Assignment: From the first line of the entries down to the line with "This is part", write out every line exactly; that last line counts, but pictures do not.

(Beginning of Data for review)

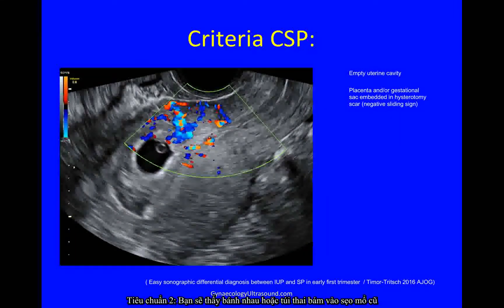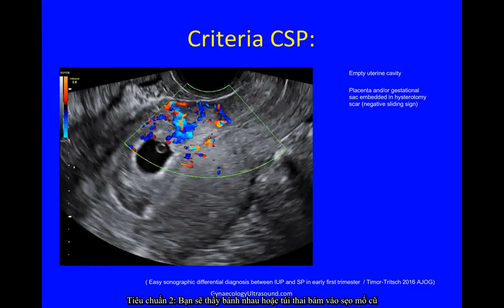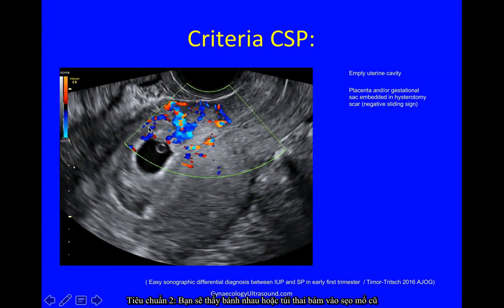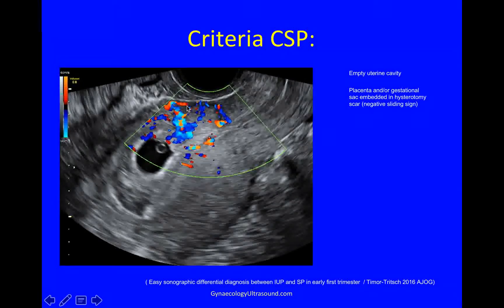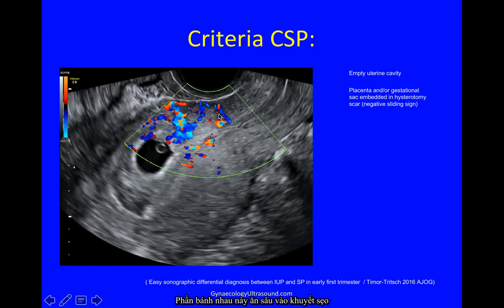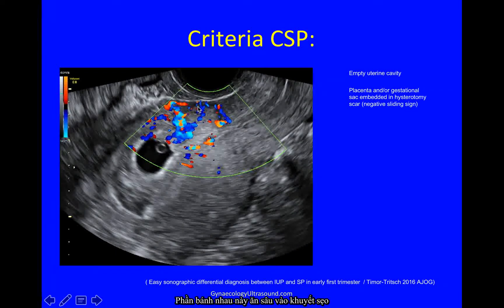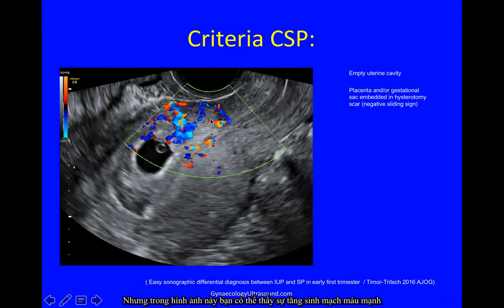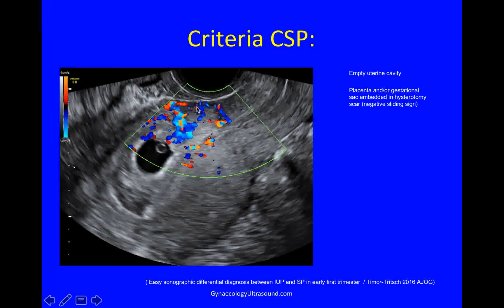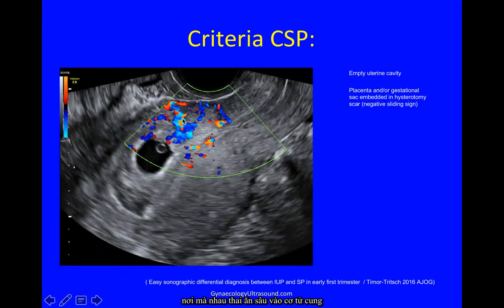The placenta or gestational sac should be embedded in the hysterotomy scar. This is trophoblast embedded deeply into a niche. I can't show you the negative sliding sign in this still image, but you can see strong vascularity where the trophoblast is actually invading the myometrium.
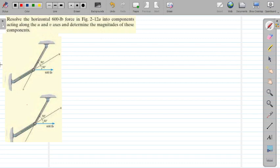When a problem like this arises, we use the technique of the parallelogram law of forces. We will resolve this 600 pound force along the u and v axis. One of the components of the 600 pound force is along the u axis.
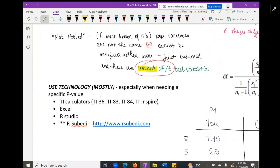Technology options include TI calculators — the TI-83, 84, or Inspire — which are probably the most popular. There's also Casio, Excel, R Studio, JMP, and SPSS for higher-level statistical software. The other calculator I'm featuring in this video is a website called RSuBetty — the URL is rsubetty.com — which I learned about from a student whose professor used it for his class.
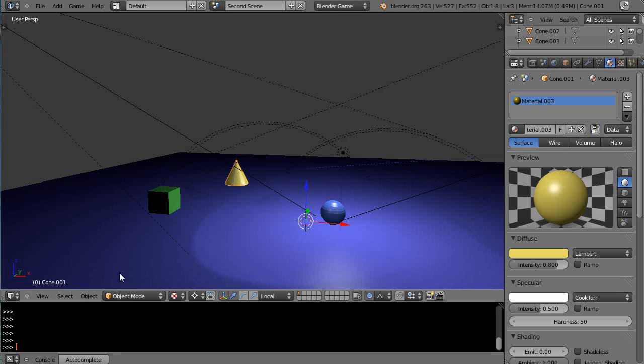This is part 13 of the Game Engine Physics tutorial series for new Blender users. So in this case, we'll change it up a little bit. We've taken a look at the logic bricks.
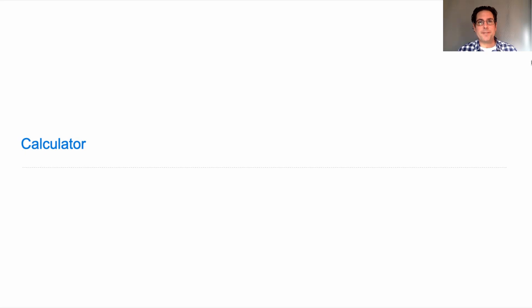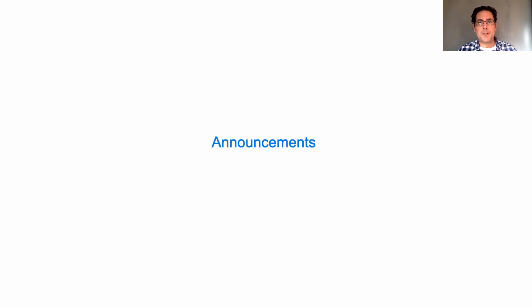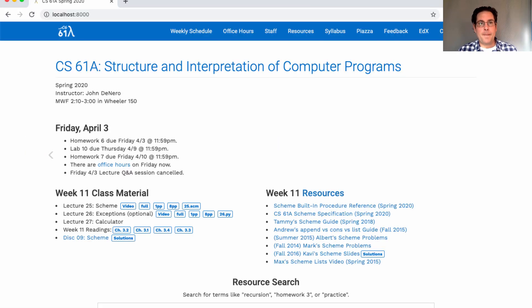61A lecture number 27. Announcements: Homework 6 is due today. Lab 10 will be posted shortly and is due next Thursday. Homework 7 will be posted shortly and is due next Friday. There are now office hours on Friday in case you want some help.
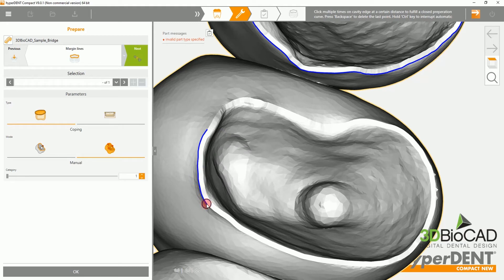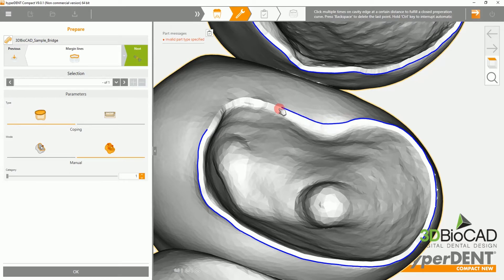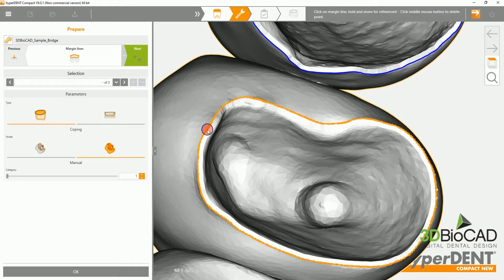Then zoom in to the margin and click and drag to draw out the margin line to your liking. Please remember to identify and select all of the margins in your milldrop file.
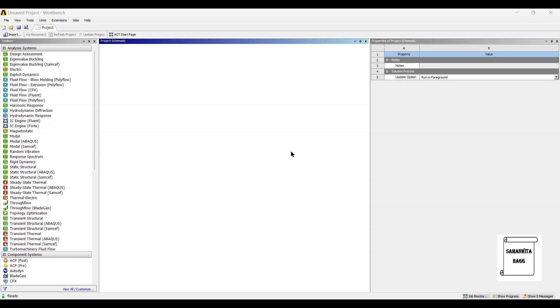Hello everyone, welcome to the next session on ANSYS Workbench Tutorials. In this session, we are going to analyze the disc brake rotor for its topology optimization.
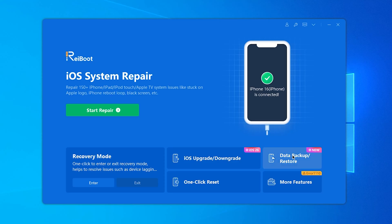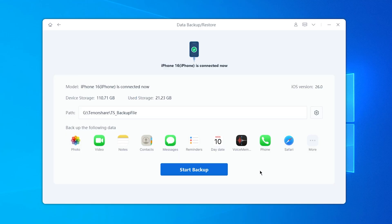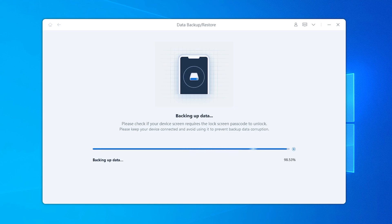Go to the Data Backup and Restore feature, then choose Backup to backup your data here. It will show you how much your data is. The backup time depends on how much storage you have to backup, so wait patiently during the process.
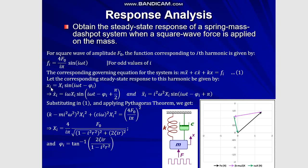Let the corresponding response to the ith harmonic be given by, this lowercase x is depicting the displacement and this uppercase Xi is depicting the amplitude of the response to ith harmonic. We have this i omega is the frequency in radians per second of the ith harmonic. T is the time. We will be taking very small increments for doing a numerical analysis. And phi i is the phase angle again in radians of the ith harmonic.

(End of Data for review)

The answer:
The placenta or gestational sac should be embedded in the hysterotomy scar. This is trophoblast embedded deeply into a niche. I can't show you the negative sliding sign in this still image, but you can see strong vascularity where the trophoblast is actually invading the myometrium.
When a problem like this arises, we use the technique of the parallelogram law of forces. We will resolve this 600 pound force along the u and v axis. One of the components of the 600 pound force is along the u axis.
Technology options include TI calculators — the TI-83, 84, or Inspire — which are probably the most popular. There's also Casio, Excel, R Studio, JMP, and SPSS for higher-level statistical software. The other calculator I'm featuring in this video is a website called RSuBetty — the URL is rsubetty.com — which I learned about from a student whose professor used it for his class.
This is part 13 of the Game Engine Physics tutorial series for new Blender users. So in this case, we'll change it up a little bit. We've taken a look at the logic bricks.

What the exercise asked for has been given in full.